Lecture I: Science in the White House: Integrating Solutions to the Triple Crises of Climate Change, Loss of Biodiversity, and Inequality/Inequity

Wednesday, March 12, 2025, 4:10 PM

Chevron Auditorium, International House, 2299 Piedmont Avenue, Berkeley, CA

Three major global challenges – climate change, loss of biodiversity and its benefits, and inequality and inequity among people – are typically tackled within three separate silos.  However, scientific knowledge tells us that the three are inextricably linked.  If the problems are not considered together, solutions to one may undermine solutions to the others. Moreover, more holistic, integrated solutions can deliver multiple co-benefits. Success requires integrated solutions. The talk will focus on the historically ambitious, innovative policies implemented by the Biden-Harris Administration to achieve this integration. 

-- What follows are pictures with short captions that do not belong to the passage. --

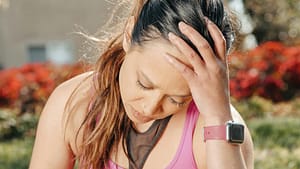 a woman having a terrible headache. This shows how sugar can wreak havoc on your health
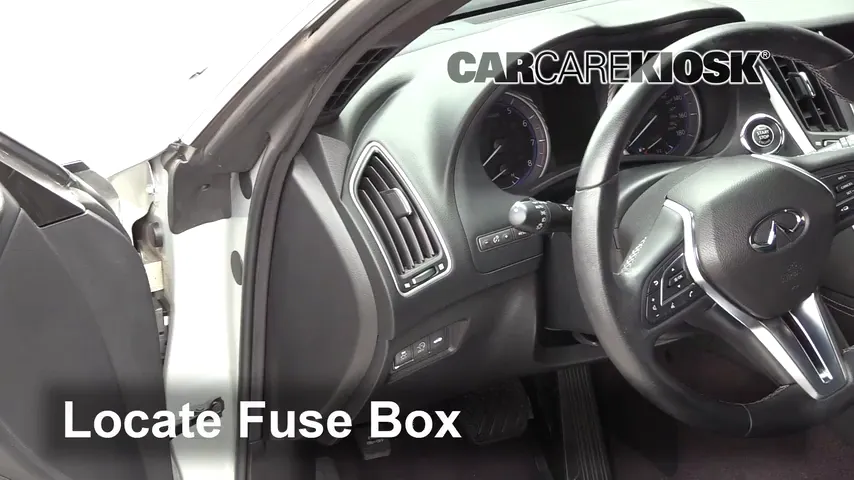 2018 Infiniti Q60 Luxe 2.0L 4 Cyl. Turbo Fuse (Interior)
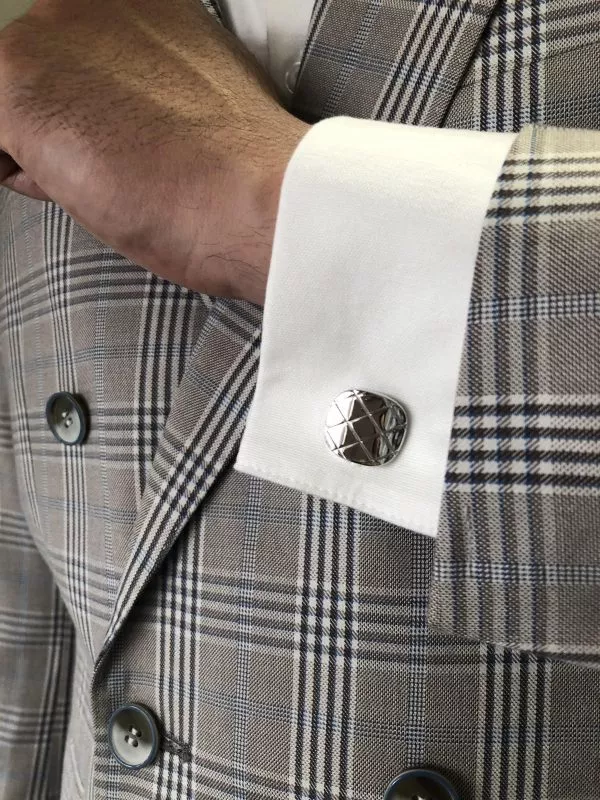 Rhodium plated metal rounded waffle cufflinks - Image 2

Lecture II: Seas the Day: A New Narrative for the Ocean

Thursday, March 13, 2025, 4:10 PM

Chevron Auditorium, International House, 2299 Piedmont Avenue, Berkeley, CA

It’s time for a new narrative for the ocean, one that reflects current scientific knowledge and acknowledges innovative new partnerships and solutions that center the ocean in our future.  The two current dominant narratives for the ocean are anchored in the past.  The older one considers the ocean to be so vast, bountiful, and resilient that it is simply too big to fail. This first narrative drives pollution and overexploitation of resources.   A second, more recent narrative is that the ocean is now so depleted, polluted, and disrupted, and the drivers of those outcomes are so powerful and complex, that the ocean is simply too big to fix.   A third, new narrative is emerging, based on scientific findings, existing solutions, and innovative partnerships and policies.  This new narrative acknowledges that the ocean is central to a safe, clean, healthy, just, and prosperous future.  This new narrative tells us that the ocean is neither too big to fail, nor is it too big to fix.  But it is too important and too central to our future to ignore.   

About The Honorable Jane Lubchenco, Ph.D.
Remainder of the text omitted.